The output of stage 3 is an image that is defined on all of the real
plane. There are no pixels any more, so there is no question about what
stage 4, "transform", means. Stage 5 converts back to pixels by point
sampling.

Of course, pixman is implemented starting from the destination, so
thefunction of the real plane from stage 3 is never actually
computed. Because of the sampling, we only need the value of that
function at discrete locations.

(Better gradient and image quality would involve improving stage 5 to do
something better than point sampling).

>> To add support for potentially subsampled YUV, some additional stages
>> have to be inserted before the first:
>>
>>   -2 interpolate subsampled components of YUV to get the same
>>      resolution as the Y plane
>>
>>   -1 if the format is planar, stitch together components to form YUV
>>      pixels
>>
>>    0 convert to sRGB
>>
>> Stage -2 is important because the filter used in that interpolation
>> should probably be user-specifiable eventually, which has the
>> implication that whatever simple support is added first, it needs to be
>> clear what filter precisely is being used.
>>
>> Stage 0 is a color space conversion and need to eventually be
>> configurable too, which means it has to be specified which matrix is
>> being used.
>
> I'm not totally sure about stage -2. So source interpolation is going
> to happen twice in the pipeline, once when getting rid of subsampling,
> and the second time when applying transform? To me it looks more
> natural to just start with the transform, for each pixel in the
> destination space get a transformed fractional coordinate in the
> source image, look it up in the source YUV grid and interpolate each
> color component for each color plane separately according to the
> selected filter, and finally convert interpolated YUV color to
> a8r8g8b8 according to the used color matrix.

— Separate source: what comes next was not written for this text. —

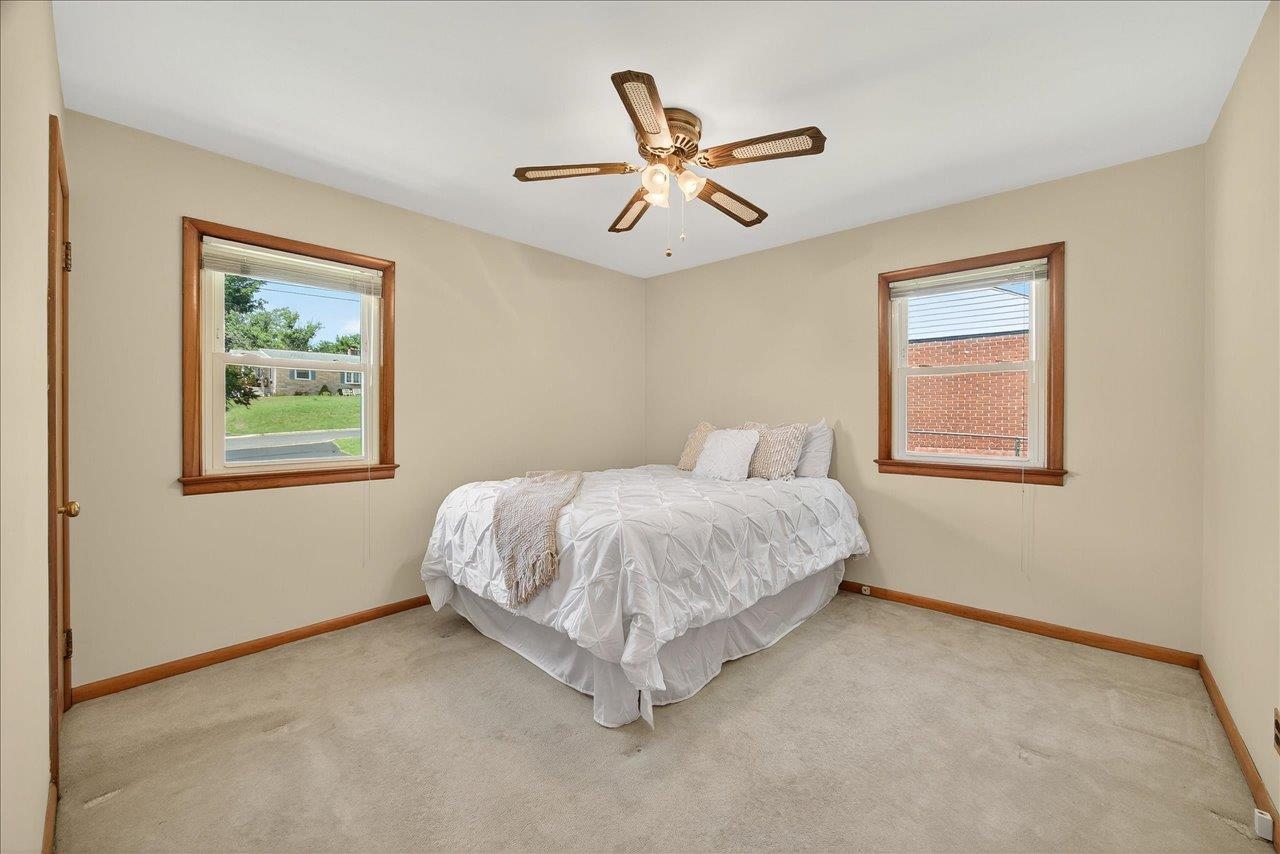 2421 MT VERNON ST, WAYNESBORO, Virginia 22980, 4 Bedrooms Bedrooms, ,2 BathroomsBathrooms,Residential,2421 MT VERNON ST,666675 MLS # 666675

Yes, I thought those two stages were the same for a long time, to. In
fact, in this mail:

    http://lists.freedesktop.org/archives/cairo/2010-May/019876.html

I argue that they are the same, and that the pipeline should look like
this:

      * Widen to 8 bit components
      * Extend 
      * Interpolate between samples according to filter
      * Transform
      * Convert to RGB coding
      * Resample
      * Combine
      * Store

which also what you are saying. However, as mentioned here:

    http://lists.cairographics.org/archives/cairo/2010-June/020232.html

I have become convinced that this is wrong and the undoing the chroma
subsampling is something different than interpolation happening on sRGB
pixels, although it may be that they can be combined in some special
cases. In that mail I say that the pipeline should (eventually) look
like this:

    extend
    widen
  
    chroma reconstruct  <= upsample filter
    
    convert to ar'g'b'  <= \
    linearize           <= | color space convert
    premultiply         <= /

    interpolate         <= interpolation filter
    transform
    resample            <= resampling filter, plus sampling rate
    combine

    convert to dest format

    store

The basic argument is that the interpolation filtering should be done in
premultiplied RGB (linear, ideally, but sRGB for now), whereas the
chroma reconstruction obviously has to be done on chroma
channels. Therefore, these two operations have to be considered
distinct.

Ie., since a YUV image is generated by this process:

     1. Start with sRGB
     2. Convert to YUV
     3. Filter and subsample chroma

if we are to do some operation on the image in sRGB, reversing this
process as the first step can't possibly be incorrect:

     1. Reconstruct chroma samples
     2. Convert to sRGB
     3. Interpolate sRGB samples
     4. Transform

And so if the alternative process:

     1. Interpolate YUV samples
     2. Transform
     3. Convert to sRGB

produces something different, it can't be correct. 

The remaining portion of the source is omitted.